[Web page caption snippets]
########################################

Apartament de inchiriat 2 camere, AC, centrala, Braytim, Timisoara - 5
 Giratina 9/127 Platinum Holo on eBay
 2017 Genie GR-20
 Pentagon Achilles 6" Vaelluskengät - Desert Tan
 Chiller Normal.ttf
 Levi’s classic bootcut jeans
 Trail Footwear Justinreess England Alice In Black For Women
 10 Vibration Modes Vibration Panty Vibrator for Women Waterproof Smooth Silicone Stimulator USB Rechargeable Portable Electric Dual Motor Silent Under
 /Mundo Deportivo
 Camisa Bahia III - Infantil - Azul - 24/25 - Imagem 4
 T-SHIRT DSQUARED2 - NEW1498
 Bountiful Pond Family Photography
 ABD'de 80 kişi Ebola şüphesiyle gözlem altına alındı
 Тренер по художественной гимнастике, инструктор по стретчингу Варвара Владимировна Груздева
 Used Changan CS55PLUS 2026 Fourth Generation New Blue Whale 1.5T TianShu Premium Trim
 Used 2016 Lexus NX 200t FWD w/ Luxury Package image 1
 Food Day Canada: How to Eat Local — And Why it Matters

########################################

Reproduce all the records. Keep them exact, please.

Apartament de inchiriat 2 camere, AC, centrala, Braytim, Timisoara - 5
 Giratina 9/127 Platinum Holo on eBay
 2017 Genie GR-20
 Pentagon Achilles 6" Vaelluskengät - Desert Tan
 Chiller Normal.ttf
 Levi’s classic bootcut jeans
 Trail Footwear Justinreess England Alice In Black For Women
 10 Vibration Modes Vibration Panty Vibrator for Women Waterproof Smooth Silicone Stimulator USB Rechargeable Portable Electric Dual Motor Silent Under
 /Mundo Deportivo
 Camisa Bahia III - Infantil - Azul - 24/25 - Imagem 4
 T-SHIRT DSQUARED2 - NEW1498
 Bountiful Pond Family Photography
 ABD'de 80 kişi Ebola şüphesiyle gözlem altına alındı
 Тренер по художественной гимнастике, инструктор по стретчингу Варвара Владимировна Груздева
 Used Changan CS55PLUS 2026 Fourth Generation New Blue Whale 1.5T TianShu Premium Trim
 Used 2016 Lexus NX 200t FWD w/ Luxury Package image 1
 Food Day Canada: How to Eat Local — And Why it Matters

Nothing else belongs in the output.